На площадке мы расходимся. Так повелось не с нынешнего вечера, но сегодня мы чувствуем глубину разрыва, который, в сущности, не есть разрыв.
Она раздевается. Снимает лиф. Я вижу ее шею и сквозь рубашку чуть опустившуюся грудь и полураспущенные волосы, когда-то великолепно пламеневшие, как горящая солома.
Она говорит:
- Мужчиной лучше быть, чем женщиной.
На мое молчание она отвечает:
- Видишь, нам не о чем больше говорить.
В пролете узкой двери она сказала это с особой значительностью.
Она входит в комнату. Скрывается в ней. До моего отъезда на войну мы спали на одной постели. Мы ложились рядом, чтобы раствориться в бессознательном или далеко унестись мыслями. (В жизни обыденной бывают крушения горше, чем в драмах Шекспира; для любящих: уснуть - умереть.) Но с тех пор как я вернулся, нас разделяет стена. Искренность, которую я принес в глазах и мыслях, заменила вокруг меня - и сильнее, чем я подозревал, видимость реальностью. Мари скрывает от меня свое увядающее, отвергнутое тело. Стыдливость вернулась к ней; да, она кончает тем, с чего начала.
Она закрыла дверь. Она раздевается одна в комнате, медленно и как будто нехотя. Только свет маленькой лампы ласкает ее распущенные волосы, в которых другие еще не замечают седых волос, ледяных волос; прикасается к ним только она одна.
Дверь ее закрылась, бесповоротно, буднично, угрюмо.
На столе, среди бумаг, я наткнулся на отрывок стихотворения, найденного когда-то на улице, - клочок бумаги, выскользнувший из таинственных рук, его исписавших, и залетевший на каменную скамью. Оно кончается шепотом: "...и лишь слезы подступают к глазам, когда я вижу твою красоту и твою улыбку".

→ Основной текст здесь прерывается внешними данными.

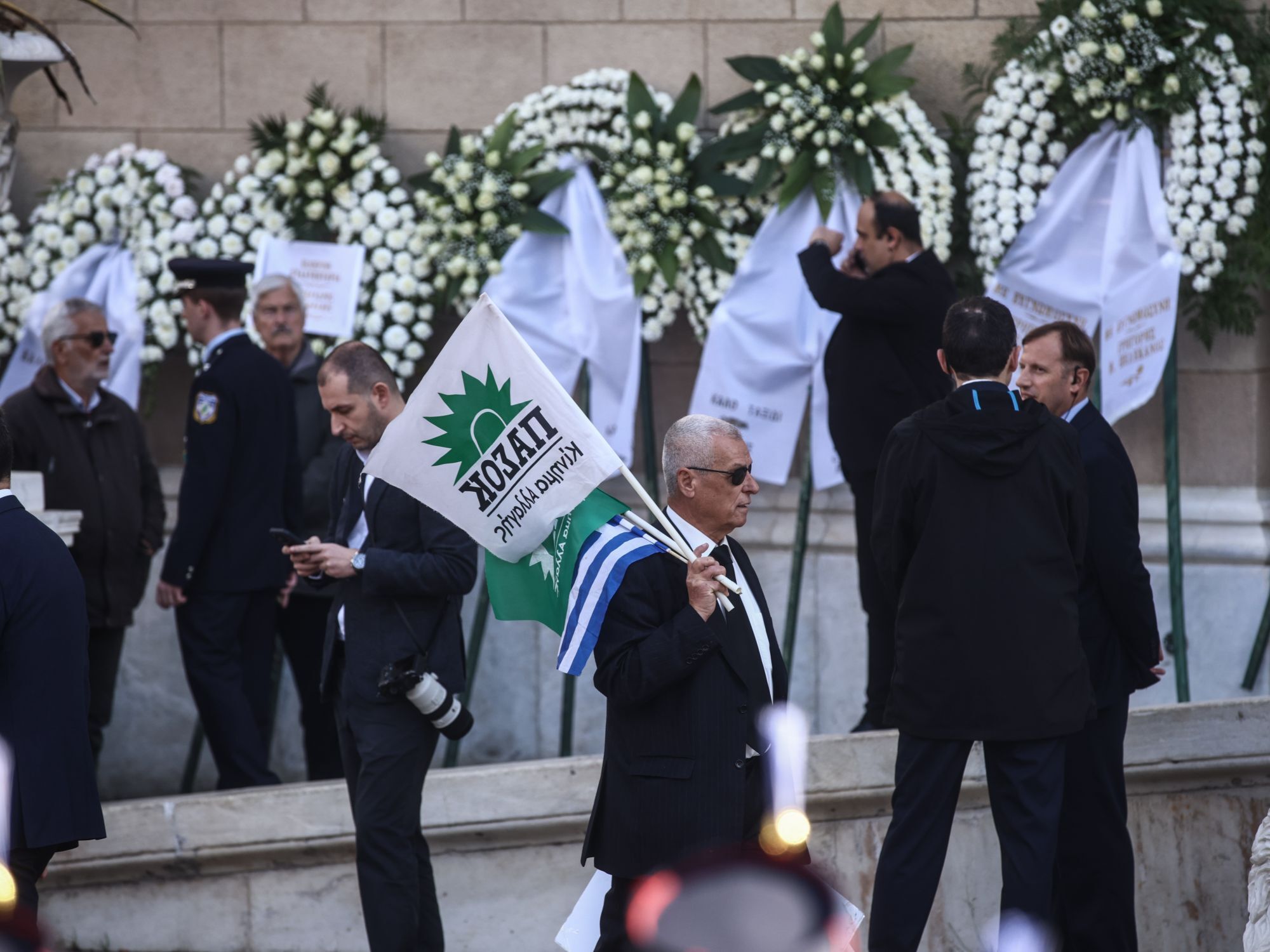 Πολίτες έξω από τη Μητρόπολη Αθηνών κρατώντας σημαίες του ΠΑΣΟΚ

В прежние дни, читая эти строки, мы радостно улыбались. Сегодня вечером у меня действительно слезы на глазах. Что же это? Я подметил, что есть нечто большее, чем то, что мы видели, что говорили, что перечувствовали сегодня; быть может, она и я когда-нибудь найдем слова настоящие, нужные, и нынешний день со всеми его горестями окажется не бесплодным.
XX
КУЛЬТ
Я был на заводе. Я почувствовал себя таким потерянным, как будто очутился там после долгого легендарного сна. Много новых лиц. Завод увеличился втрое, вчетверо; он оброс целым городом легких построек.
- За три месяца они выстроили еще семь таких, как этот! - с гордостью говорит г-н Мьельвак.

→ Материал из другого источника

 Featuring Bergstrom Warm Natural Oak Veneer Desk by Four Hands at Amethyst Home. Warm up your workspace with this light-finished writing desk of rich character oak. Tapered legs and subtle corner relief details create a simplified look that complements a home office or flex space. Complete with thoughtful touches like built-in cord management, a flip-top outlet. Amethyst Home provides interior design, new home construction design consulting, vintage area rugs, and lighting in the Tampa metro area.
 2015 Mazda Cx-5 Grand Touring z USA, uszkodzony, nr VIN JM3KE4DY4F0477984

Теперь другой директор - молодой племянник господ Гозлан. Он жил в Париже и вернулся в день мобилизации. Ведает всем старик Гозлан.

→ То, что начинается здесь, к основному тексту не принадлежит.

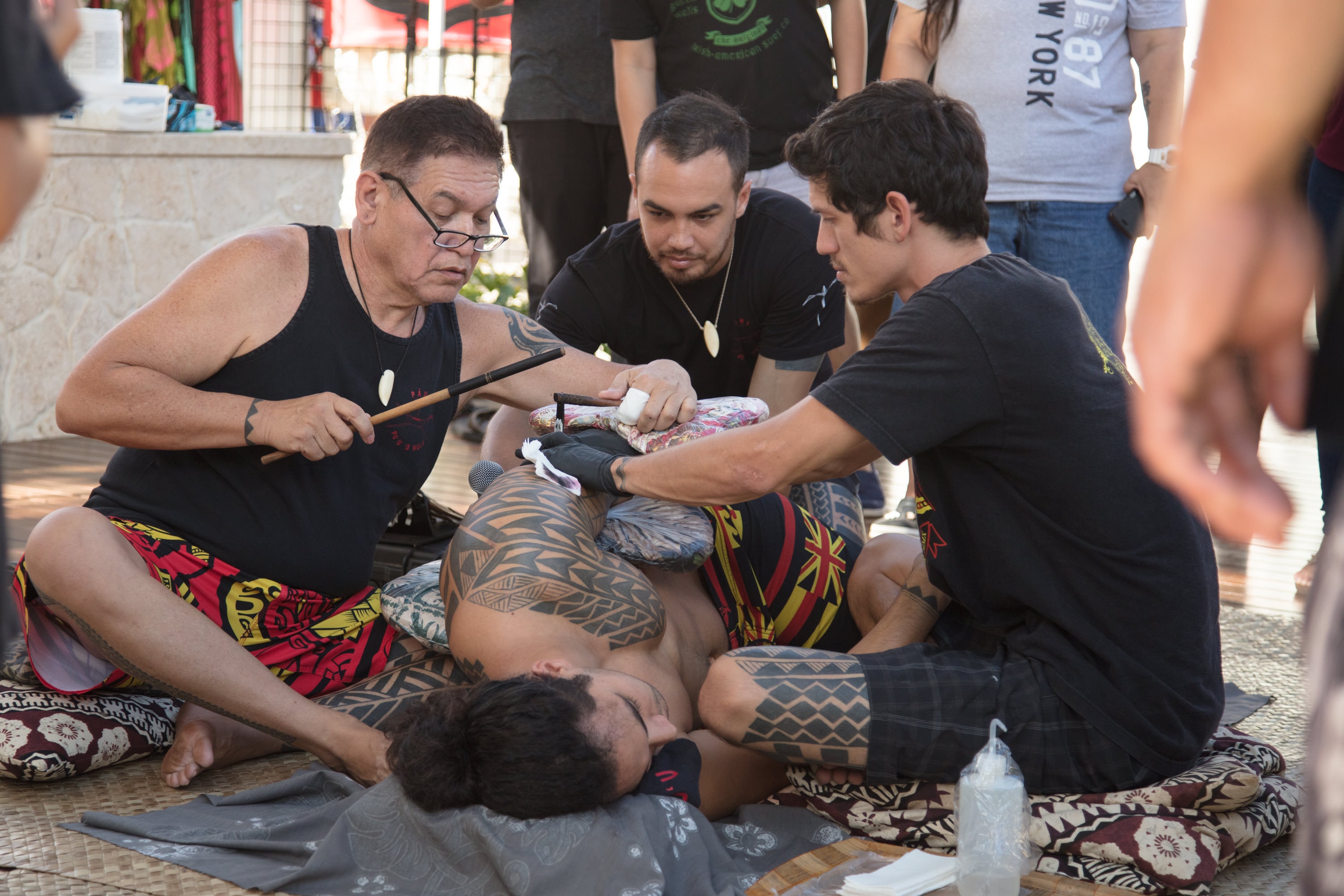 Traditional tattoo artist applying tribal design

Месяц ожидания. Я жду терпеливо, как всё. Домики нижнего квартала населены семьями отсутствующих. Как только туда входишь, тебе начинают рассказывать о последнем письме, толковать о войне, о которой у них неверные представления. На моей улице двенадцать домов, где уже людям нечего больше ждать и нечего говорить, как г-же Маркасен. В других без вести пропавший, быть может, вернется; там живут проблеском надежды, опора которой - пустота и молчание. Есть женщины, в каком-то спасительном несчастье они перестроили свою жизнь и заменили мертвых - или живых другими.